Keywords: colorectal cancer, lncRNA‐LOC152578, LncRNA‐xloc‐000303, miR‐29a, pre‐treatment stage

1. Introduction

Colorectal cancer represents a significant public health challenge, ranking among the three most common cancers globally. In 2020, it represented 10% of all new cancer cases worldwide and was responsible for 9.4% of cancer‐related deaths globally [1]. This cancer is the second leading cause of cancer‐related deaths worldwide [2]. Timely prevention and treatment of colorectal cancer are crucial, as early diagnosis significantly enhances the likelihood of successful treatment [3]. The use of diagnostic biomarkers plays a pivotal role in the accurate and timely identification of the disease stage and the specific genes involved in its development [4]. The non‐invasive nature of biomarker‐based diagnostics makes them widely acceptable, contributing to improved treatment outcomes and survival rates for colorectal cancer patients [5].

Long non‐coding RNAs (LncRNAs), which have a role as a significant portion of non‐coding RNAs (ncRNAs), have minimal or no capacity for protein‐coding [6]. Nevertheless, they play a crucial role in various biological processes and cellular metabolisms [7]. LncRNAs are involved in a wide range of biological functions, consisting of translation, transcription, intracellular and extracellular transport, and the pathogenesis of various diseases. These molecules can interact with proteins, DNA, and RNA, participating in all levels of gene regulation, such as epigenetic modification, transcriptional control, and post‐transcriptional regulation [8, 9, 10]. LncRNAs have been shown to play a significant role in disease progression and are recognized as important biomarkers for the diagnosis and treatment of various conditions [11, 12].

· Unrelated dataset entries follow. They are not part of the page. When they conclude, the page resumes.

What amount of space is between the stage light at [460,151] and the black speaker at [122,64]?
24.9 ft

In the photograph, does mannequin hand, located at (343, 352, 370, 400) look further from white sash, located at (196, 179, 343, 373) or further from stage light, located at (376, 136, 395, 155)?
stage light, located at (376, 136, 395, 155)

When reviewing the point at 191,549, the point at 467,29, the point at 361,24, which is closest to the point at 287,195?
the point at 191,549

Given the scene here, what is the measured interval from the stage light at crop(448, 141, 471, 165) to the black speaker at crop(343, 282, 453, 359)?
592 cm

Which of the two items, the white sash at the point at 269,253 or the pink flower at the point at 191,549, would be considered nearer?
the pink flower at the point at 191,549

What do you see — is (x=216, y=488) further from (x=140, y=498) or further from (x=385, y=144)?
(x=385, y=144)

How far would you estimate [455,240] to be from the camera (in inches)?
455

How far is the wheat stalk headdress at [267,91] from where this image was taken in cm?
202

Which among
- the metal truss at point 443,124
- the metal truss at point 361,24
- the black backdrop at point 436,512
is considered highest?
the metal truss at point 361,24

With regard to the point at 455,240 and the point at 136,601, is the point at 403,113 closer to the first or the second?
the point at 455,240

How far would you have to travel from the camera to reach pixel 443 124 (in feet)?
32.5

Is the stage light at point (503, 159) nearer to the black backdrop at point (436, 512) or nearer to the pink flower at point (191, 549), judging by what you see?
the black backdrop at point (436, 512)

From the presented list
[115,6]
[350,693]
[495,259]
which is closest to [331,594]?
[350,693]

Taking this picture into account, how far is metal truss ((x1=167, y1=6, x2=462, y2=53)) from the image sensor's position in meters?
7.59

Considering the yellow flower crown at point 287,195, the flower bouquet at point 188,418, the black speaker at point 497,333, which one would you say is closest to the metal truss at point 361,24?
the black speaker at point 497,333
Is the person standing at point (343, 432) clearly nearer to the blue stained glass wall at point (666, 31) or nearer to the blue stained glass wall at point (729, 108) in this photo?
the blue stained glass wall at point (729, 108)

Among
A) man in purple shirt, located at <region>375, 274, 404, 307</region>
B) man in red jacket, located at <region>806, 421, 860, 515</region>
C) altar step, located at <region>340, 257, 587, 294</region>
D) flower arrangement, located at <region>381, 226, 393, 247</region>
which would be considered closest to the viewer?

MicroRNAs (miRNAs) are a kind of short non‐coding RNAs (ncRNAs), consisting of approximately 22 nucleotides, that repress protein translation by binding to target messenger RNAs (mRNAs). Bioinformatics and simulation studies suggest that miRNAs may regulate up to 30% of all human genes and hundreds of gene targets [13]. Increasing evidence indicates that miRNA expression performs a crucial function in different cellular processes involved in cancer [14], for instance cell growth, angiogenesis, differentiation, invasion, and epithelial‐mesenchymal transition [15]. Numerous studies have demonstrated that multiple miRNAs are aberrantly expressed in malignant cancers, including colorectal cancer [16, 17]. Functional research demonstrates that miRNAs can act as either tumor suppressors or oncogenes in human cancers [18], and they can influence various biological aspects of cancer, including chemoresistance [19] and metastasis [20]. Consequently, an increasing number of miRNAs that either promote or inhibit metastasis have been detected in tumor tissue expression profiles relative to non‐tumor tissues [21].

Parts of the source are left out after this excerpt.